African Twilight features 93 ceremonies witnessed in 26 countries. What’s more, it recently won the United Nations Award for Excellence in 2018 for its ‘vision and understanding of the role of cultural traditions in the pursuit of world peace.’
Beckwith and Fisher are two women photographers, one originally a painter, the other a jewelry designer, who met right here in Nairobi in 1978. Both had a spirit of adventure, a love of African aesthetics, an empathy and appreciation of the people, and skills which led to their becoming pioneering documentary photographers.
For the last four decades, they have been crisscrossing the continent where they’ve witnessed and photographed incredibly beautiful performance art events. In the process, they’ve recorded Africans’ boundless creativity expressed in their costumes, jewelry, body art (including body painting and scarification), dance rituals and ceremonies. They’ve also produced beautiful books like ‘Africa Adorned’, ‘Nomads of Niger’ and ‘African Ark’.
But since their publishing ‘African Ceremonies’ in 1999, they realized the region was changing so rapidly, they felt compelled to embark on the 15 year project which resulted in ‘African Twilight’. Noting that nearly 50 percent of the ceremonies they recorded in 1999 have either vanished or become ‘unrecognizable,’ the two chose to journey deeper into otherwise inaccessible corners of the region to meet people whose cultures were still intact.
As such, the book succeeds in creating a visual archive of the exceptional diversity, beauty and dignity of African cultural ceremonies ranging from those related to initiation, rites of passage, courtship, and marriage to African kingdoms, spiritual practices and death.
For years, we’ve seen books bemoaning ‘vanishing Africa,’ but Beckwith’s and Fisher’s images are not mournful, voyeuristic or clichéd. Instead, they’ve taken an almost anthropological approach by getting to know their subjects, including the values their ceremonies reflect.

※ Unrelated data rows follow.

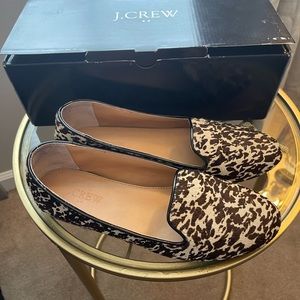 Animal print flats. J.Crew.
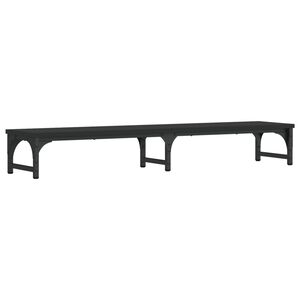 vidaXL Stalak za monitor crni 105 x 23 x 15,5 cm od konstruiranog drva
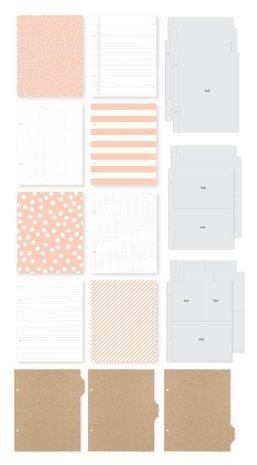 Simple Stories SN@P! Binder 6x8 Inch Blush (10731) Simple Stories SN@P! Binder 6x8 Inch Blush (10731)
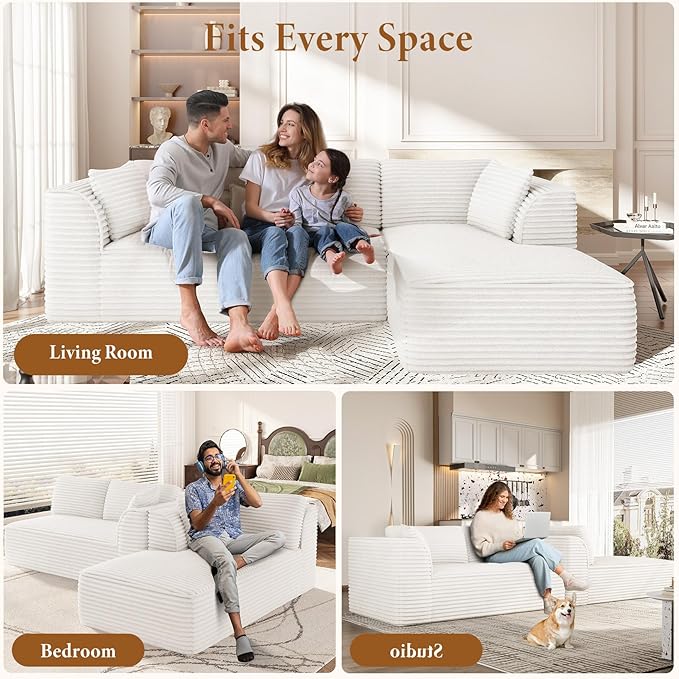 Vesgantti 106" Modular Sectional Sofa - Image 7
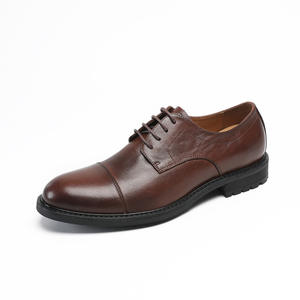 Chaussures décontractées pour hommes, chaussures habillées en cuir pour hommes, construction légère, semelle confortable pour le bureau toute la journée - Product Image 2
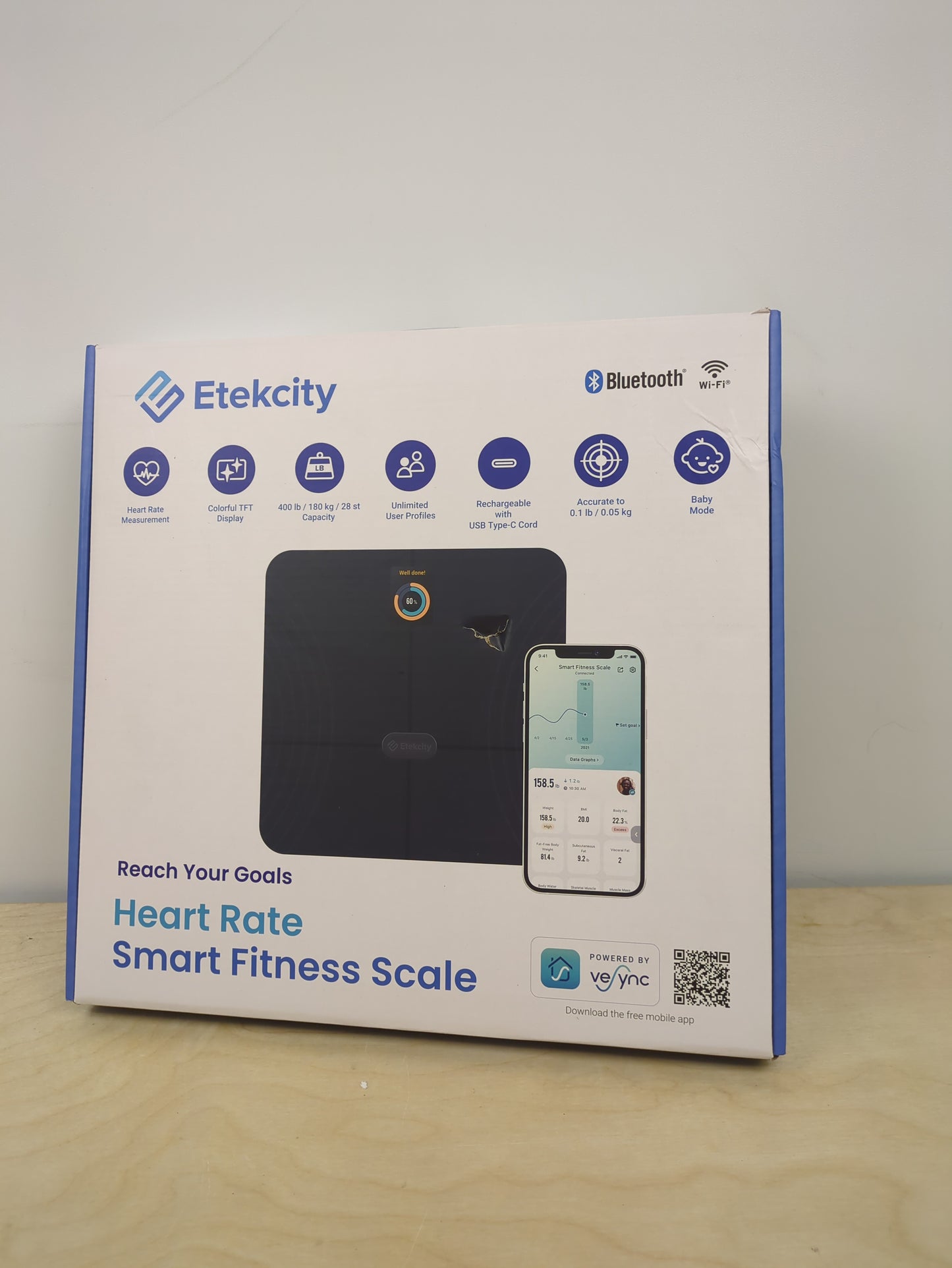 Etekcity Wellness Bundle: Smart Fitness Scale + Kitchen Scale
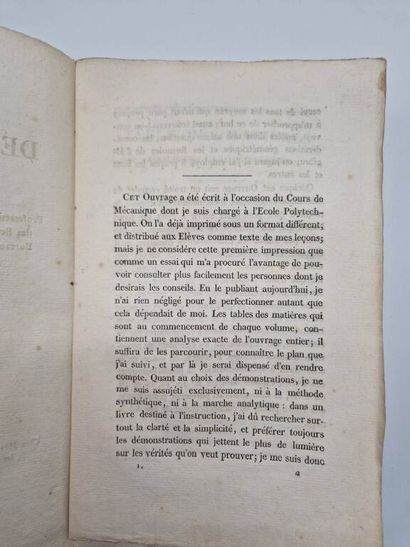POISSON, Simeon-Denis. Traité de Mécanique,...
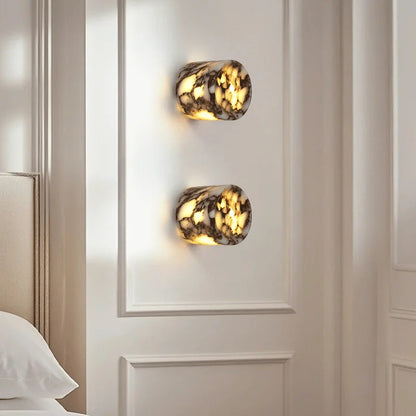 Amélie Lustra Marble LED Wall Sconce
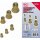 BGS technic Nietmuttern-Sortiment | verzinkter Stahl | 150-tlg.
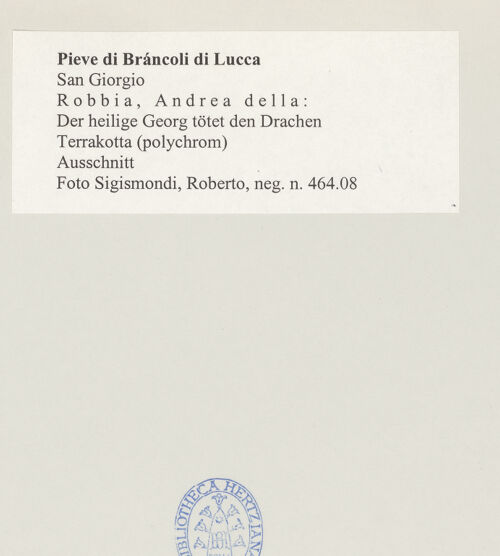 Rückseite von Sigismondi, Roberto [https://www.deutsche-digitale-bibliothek.de/content/lizenzen/rv-fz/] Der heilige Georg tötet den Drachen - Detail: Heiliger Georg, bh499815_recto. Foto: Sigismondi, Roberto.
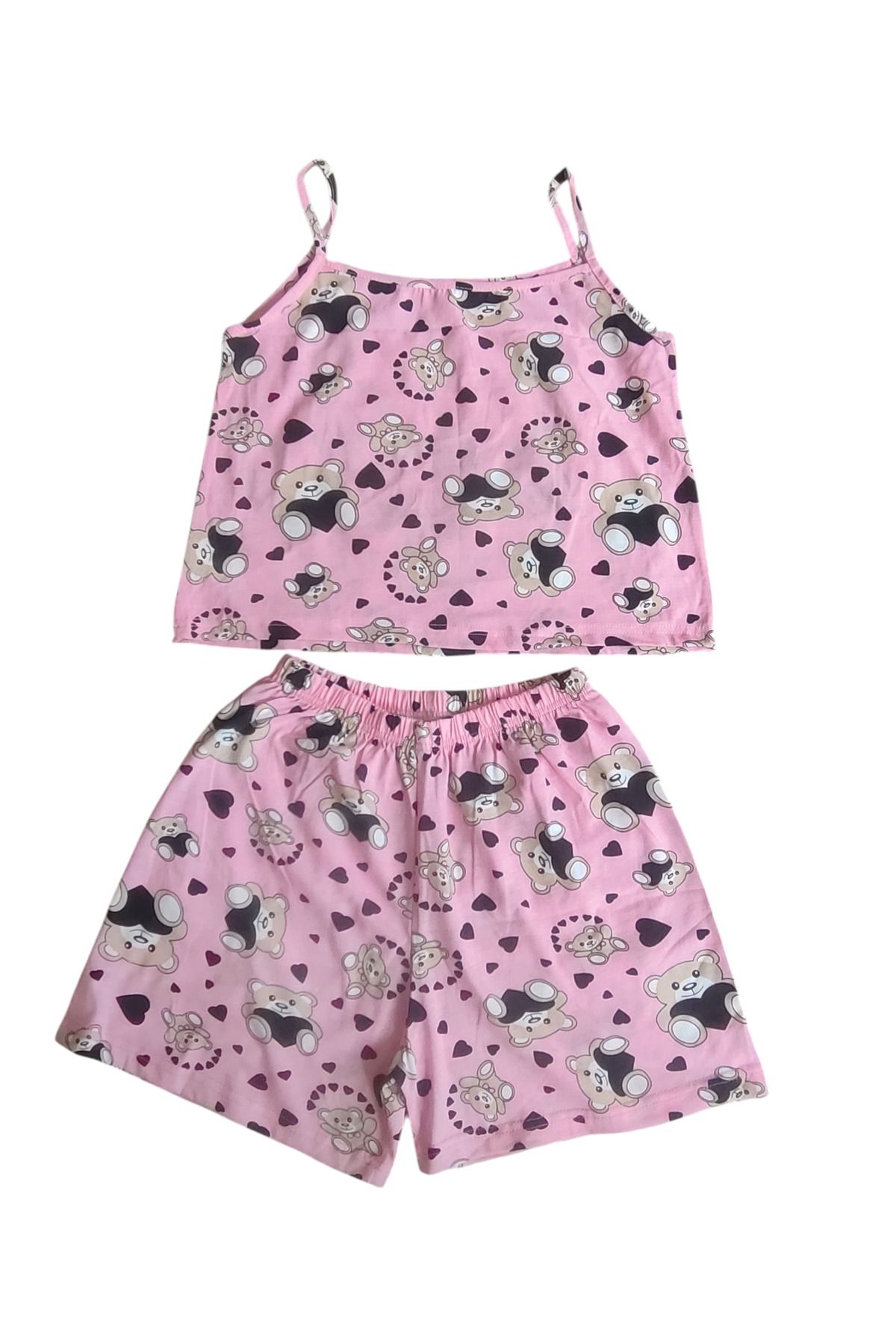 KapadokyaButik-PAJAMA SET WITH STRAPS AND SHORTS 1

So while the book is primarily photographic, the captions are informative, contextual and respectful of what their images signify.
In the book’s introduction, the British-Ghanaian architect, Sir David Adjaye writes of how he shares the photographers’ purpose “to expand and enrich the world’s understanding of the rich cultural tapestry of Africa.” I too appreciate the sentiment.